**Task details**.
Copy out the lines beginning at the one with "DSC00422.JPG" and ending at the last line of the data, both included; pictures stay out.

**Dataset extract**.
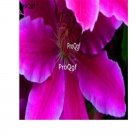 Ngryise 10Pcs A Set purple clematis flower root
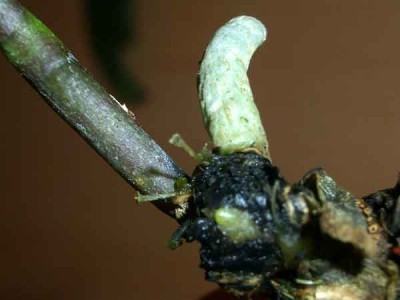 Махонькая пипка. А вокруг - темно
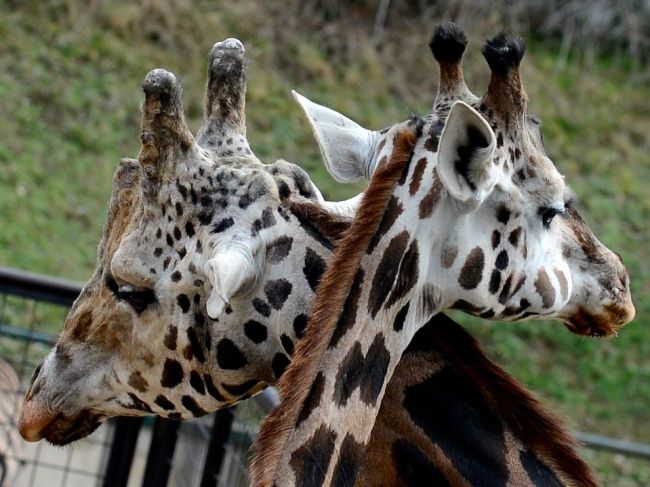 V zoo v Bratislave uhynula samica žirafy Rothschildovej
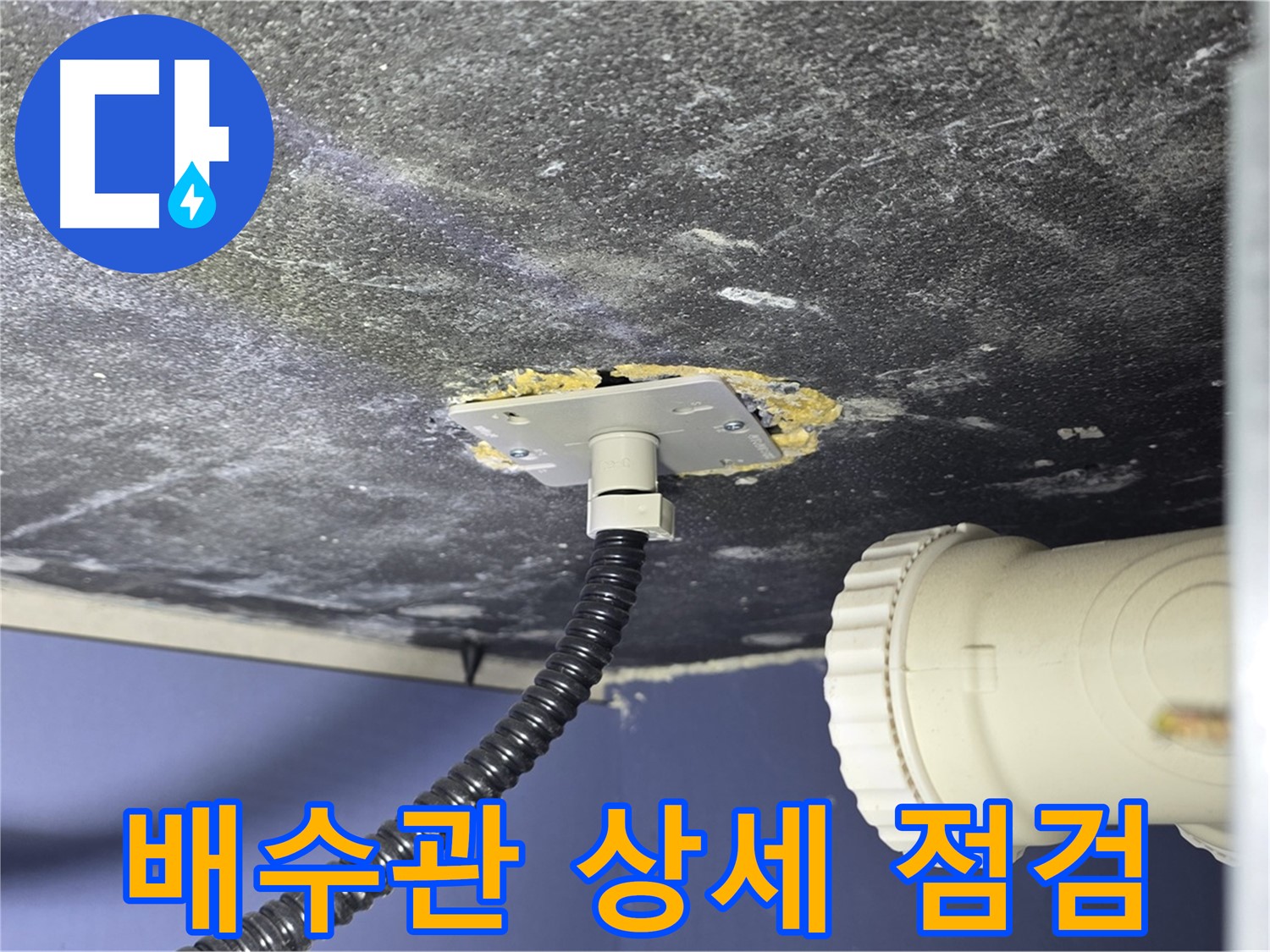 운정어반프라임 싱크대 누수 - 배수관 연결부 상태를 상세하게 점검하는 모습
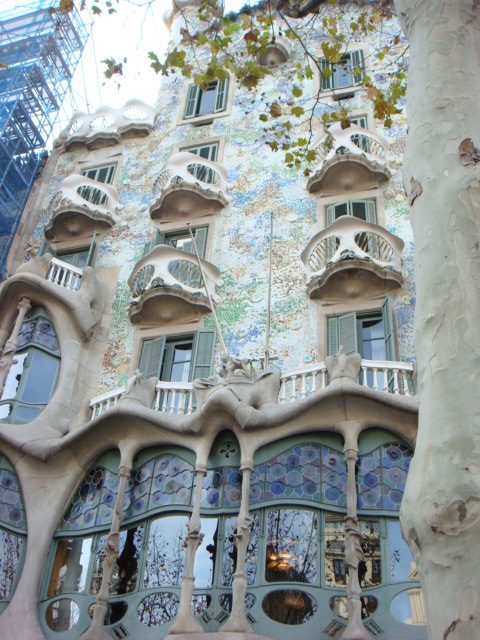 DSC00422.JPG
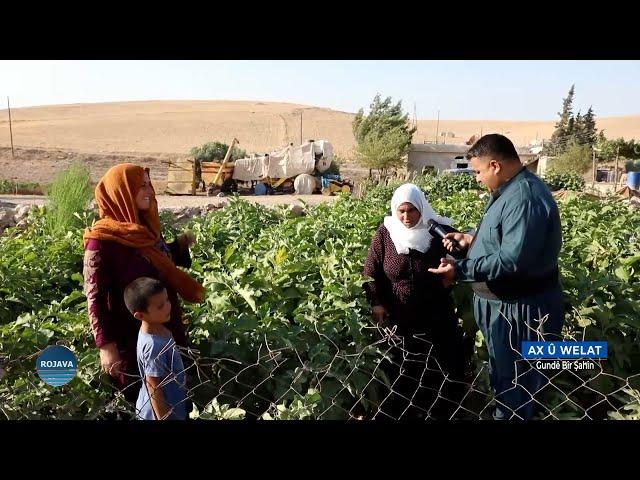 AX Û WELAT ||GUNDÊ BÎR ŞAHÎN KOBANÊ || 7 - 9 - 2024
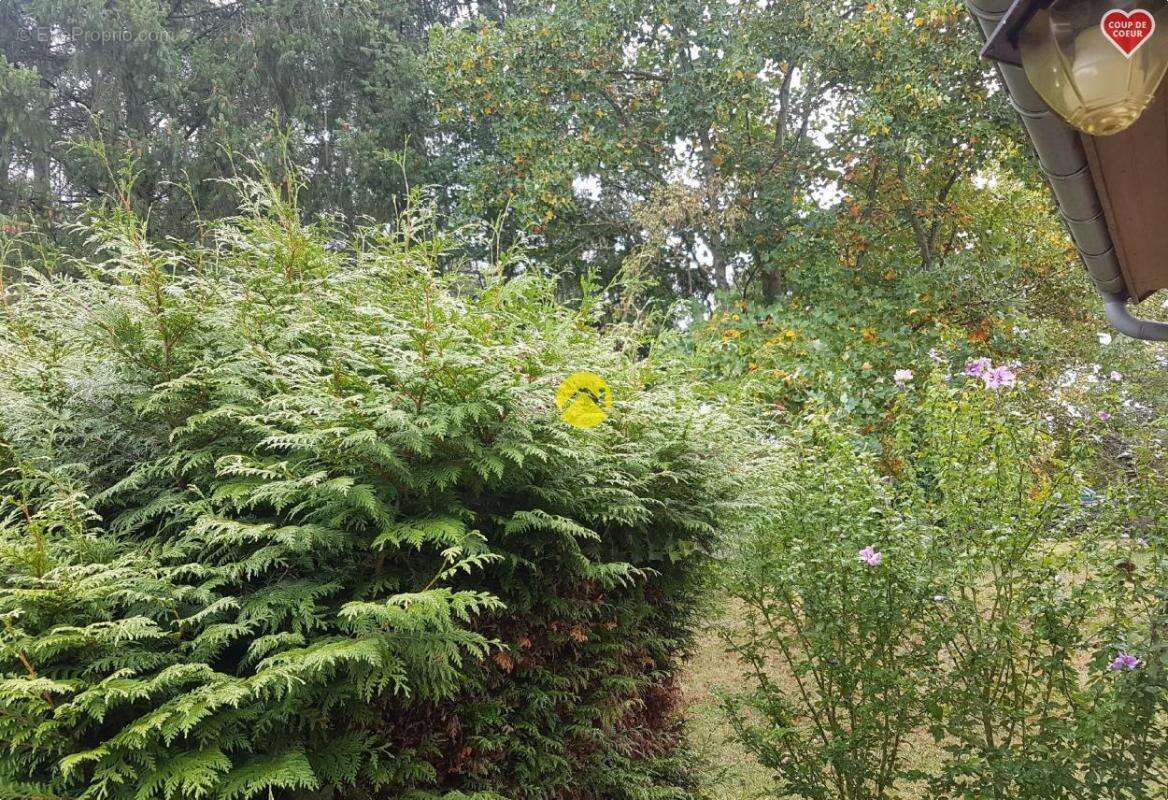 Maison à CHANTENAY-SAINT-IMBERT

**Exercise answer**.
 DSC00422.JPG
 AX Û WELAT ||GUNDÊ BÎR ŞAHÎN KOBANÊ || 7 - 9 - 2024
 Maison à CHANTENAY-SAINT-IMBERT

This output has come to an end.